Лионгина распахнула окно. Звенел многоголосый хор птиц, гудели пчелы. Вокруг ульев топтался ночной сторож. Широко осклабился, увидев ее, и захлопал глазом. Хозяйка в черной косынке и белом фартуке драила песком медный котел, который лизали солнечные лучи. Дальше, за волейбольной площадкой, сверкнул бампер «Волги». Всюду этот Рафаэл! О Гураме она и думать забыла, словно мелькнул случайно, как один из встречных, одно из деревьев сада.
Селение спускалось к реке, проложившей себе русло в долине, среди кукурузных полей и виноградников, а другим концом лезло в гору. Может, в свое время намеревалось вскарабкаться выше, однако застряло меж двух стихий. Об отважных его усилиях свидетельствовала белая часовенка, прилепившаяся на склоне, на высоте полукилометра. Река пыталась подрыть дома, горные потоки хотели смести их, но селение было старым и хитрым, хитрее и старее, чем столетние старики, которые росистыми утрами грели на солнцепеке свои кости, по примеру ящериц, а потом весь божий день кормили свиней, перегоняли от одного клочка травы к другому низкорослых быстроногих коров. Выполняли они и другие работы: рубили кукурузные стебли на растопку, резали, тут же под окнами домов, растущий табак, но не переутомлялись, повинуясь советам солнышка, то есть в самые знойные часы подремывали в тенечке, исполненные каменной неподвижности, если, конечно, не подгоняли какое-нибудь неотложное дело или забота. Поэтому удивительно было увидеть дряхлого, скрюченного, иссиня-седого старца, который, не прилегши в обед, жал серпом пшеницу под палящим солнцем. Чтобы не сверзиться с крутизны, в топорщившиеся внизу заросли колючего кустарника, он привязался веревкой к дереву. Сам жал, сам вязал, сам ставил копешки.
— А что молодые делают? Его дети, внуки?
— Молодые на тракторах по равнине гоняют! — ответил всезнающий паренек, с которым познакомились они ночью, удивленной Лионгине. — И я вырасту — в трактористы пойду. Тут одна пачкотня!

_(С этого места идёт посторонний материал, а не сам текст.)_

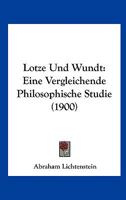 Lotze Und Wundt: Eine Vergleichende Philosophische Studie 112042223X Book Cover
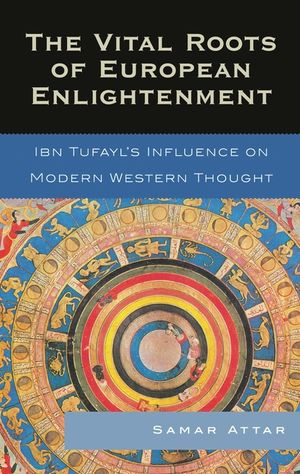 The Vital Roots of European Enlightenment: Ibn Tufayl's Influence on Modern Western Thought image number 0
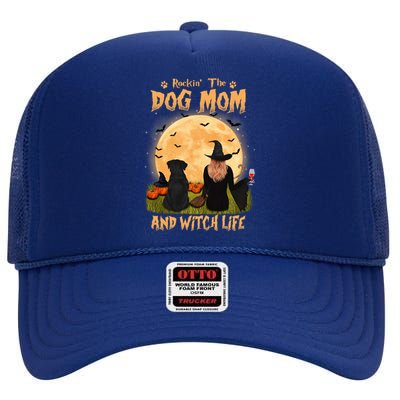 Rocking The Dog Mom And Witch Life Rottweiler Halloween Meaningful Gift High Crown Mesh Back Trucker Hat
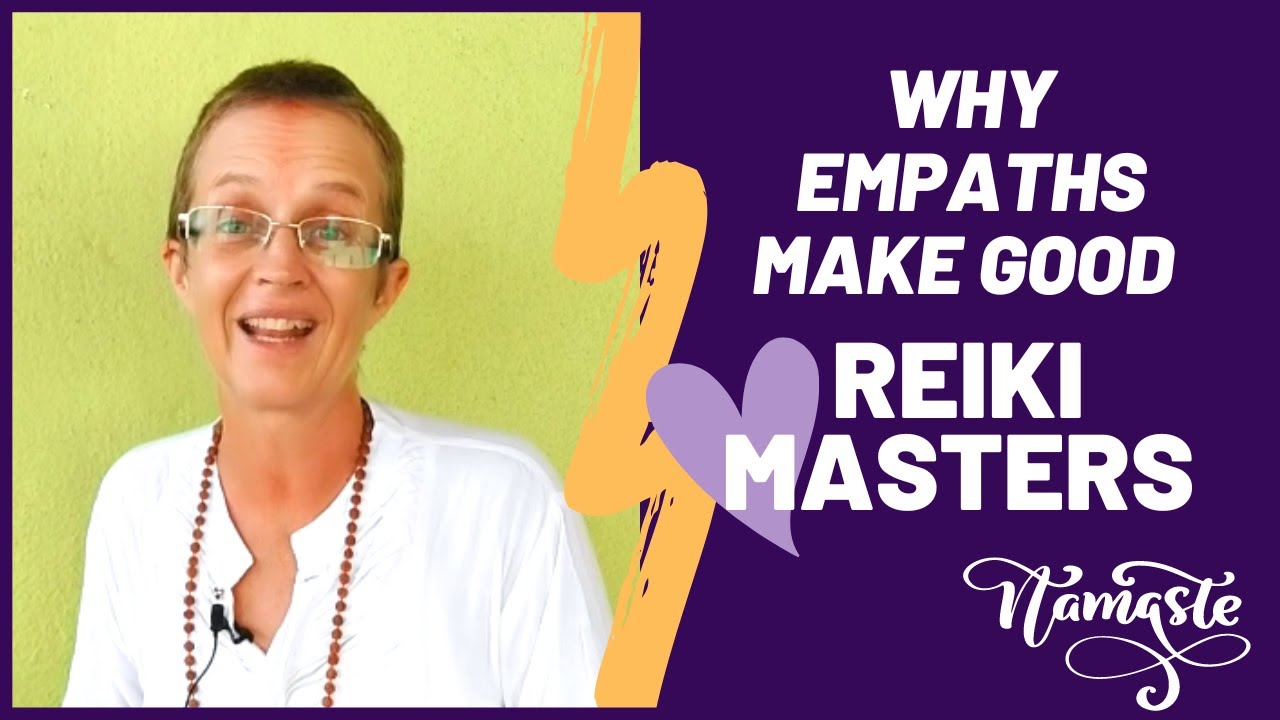 Why Do Empaths make good Reiki Masters? | Energy Healing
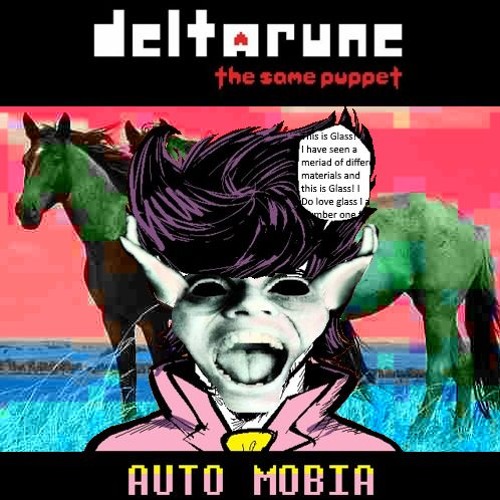 [Deltarune: The Same Puppet] - AUTO MOBIA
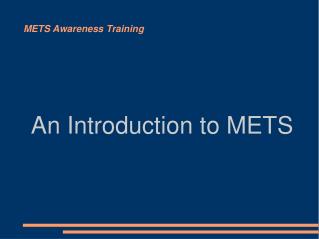 METS Awareness Training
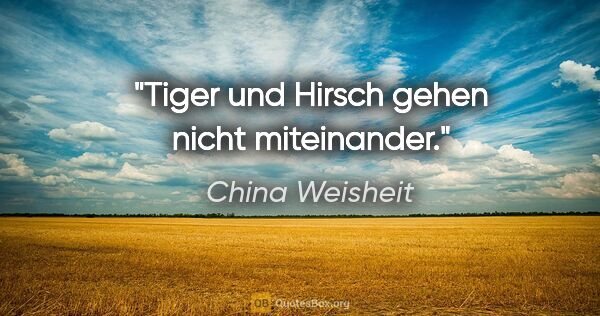 China Weisheit Zitat: "Tiger und Hirsch gehen nicht miteinander."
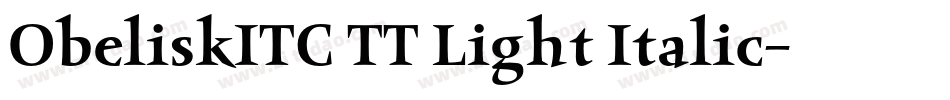 ObeliskITC TT Light Italic字体转换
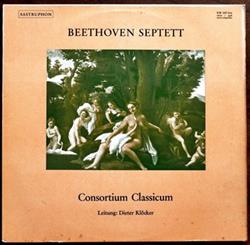 Album herunterladen Ludwig van Beethoven, Consortium Classicum Leitung Dieter Klöcker - Septett Es Dur Op20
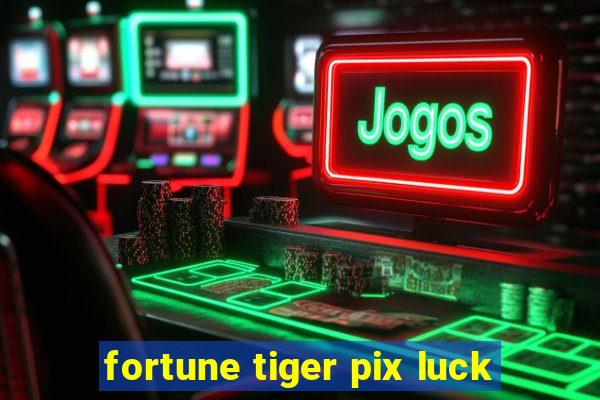 fortune tiger pix luck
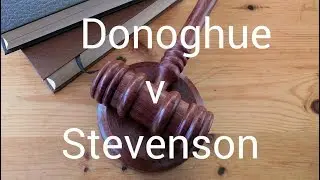 Donoghue v Stevenson 1932 | Duty of Care & the Snail in the Bottle | Law Case Summary Reasoning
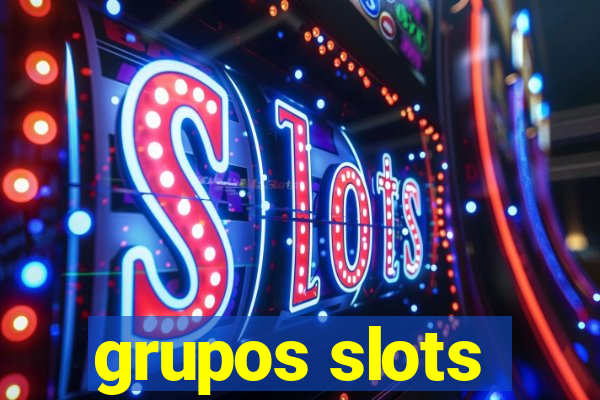 grupos slots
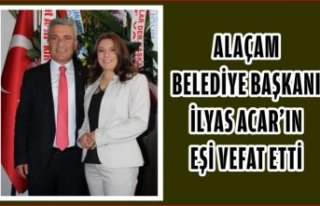 Alaçam Belediye Başkanı İlyas ACAR'ın eşi...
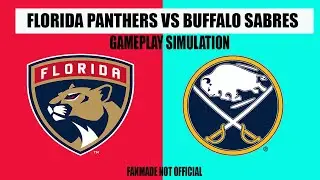 Florida Panthers vs Buffalo Sabres | Gameplay Simulation | NHL | Fan-Made
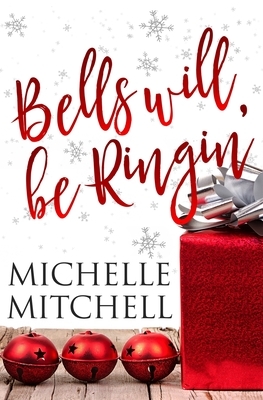 Bells Will Be Ringin': A Hilson Family Christmas Novella by Michelle Mitchell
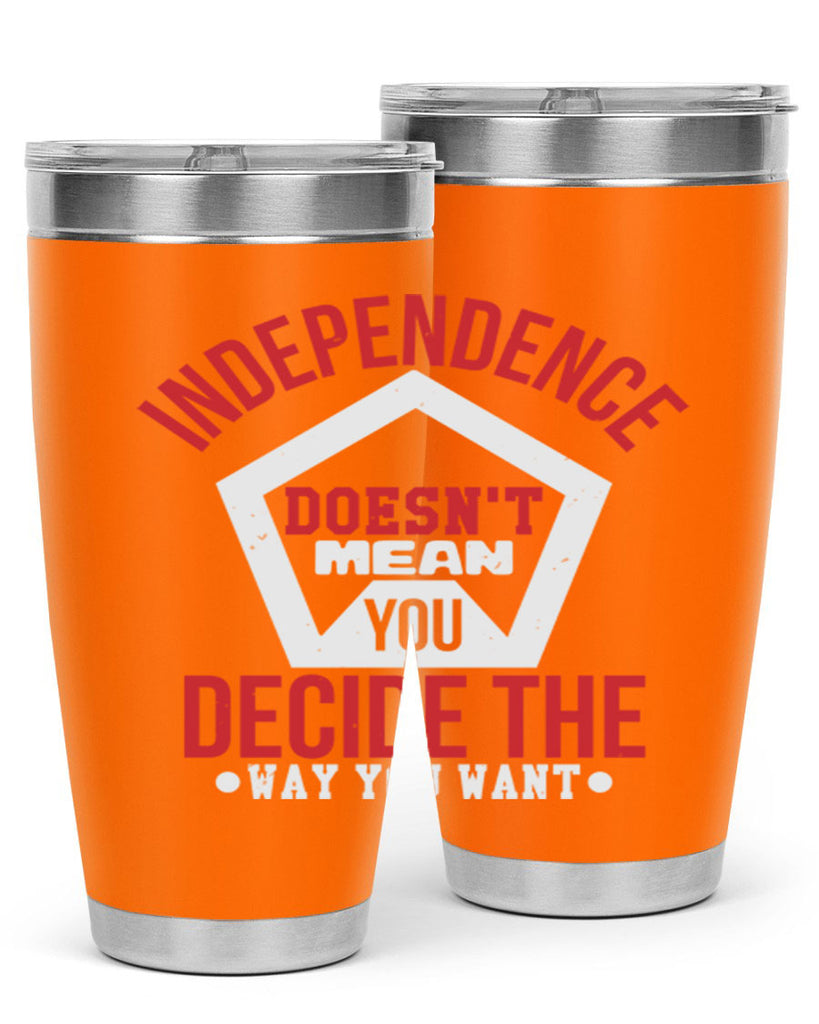 Independence doesnt mean you decide Style 22#- Fourt Of July- Tumbler
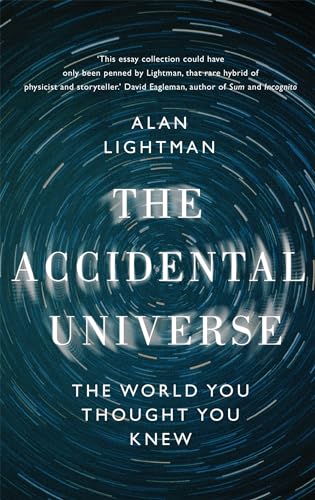 9781472109187: The Accidental Universe: The World You Thought You Knew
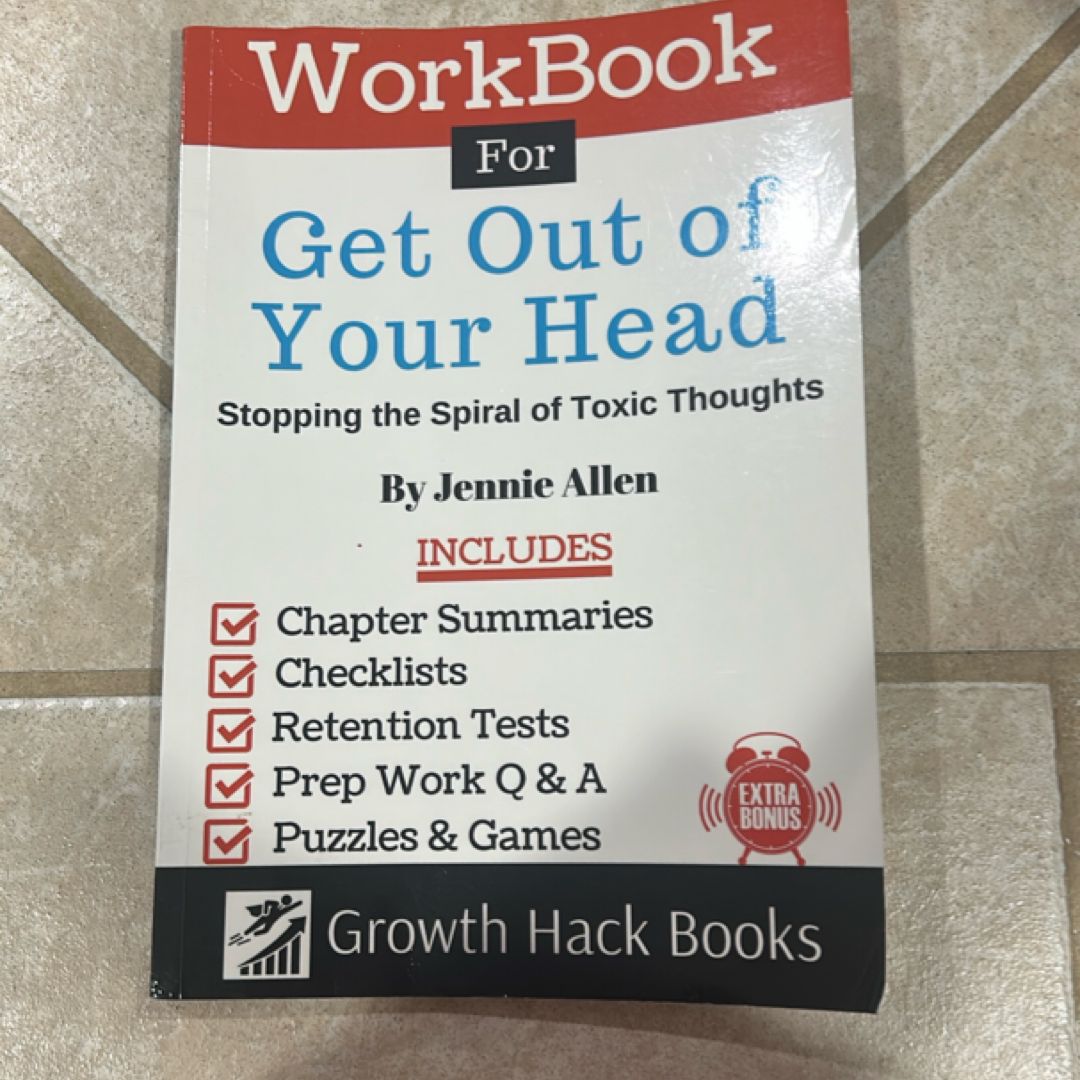 Workbook for Get Out of Your Head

Так что всякие старики и всякие молодые есть в селении, а селение-то одно и, когда с гор хлынут осенние потоки, его улочки превратятся в глинистые ручьи — так рассказывал Губертавичюсам ночной сторож, многозначительно помаргивая, — но унесут они разве что забытые у ворот беспечной хозяйкой резиновые сапоги или собачью мисочку. Случается, вздыбится и река, выливаясь из берегов, набухая от глины, камней, бревен и вырванных с корнем деревьев, но ее сдерживают горы — не очень-то разгуляешься. Пока единоборствует вода с камнем, можно послушать, приложивши ухо к глиняному горлу кувшина, как ворчит бродящее молодое вино, или отведать самогонки, которую гонят в каждом саду из растущих тут же слив. Так и не одолела природа деревеньки, даже с помощью землетрясения не одолела — в доме отдыха ни с того ни с сего начинают качаться электрические лампочки, не раз сбрасывало с дрогнувшего насеста кур. А один раз — так рассказал паренек — землетрясение вытрясло из щели в срубе клад царских монет, его дедушка там нашел.
— Куда же он девал клад? — полюбопытствовала Лионгина, потому что Алоизас избегал расспросов.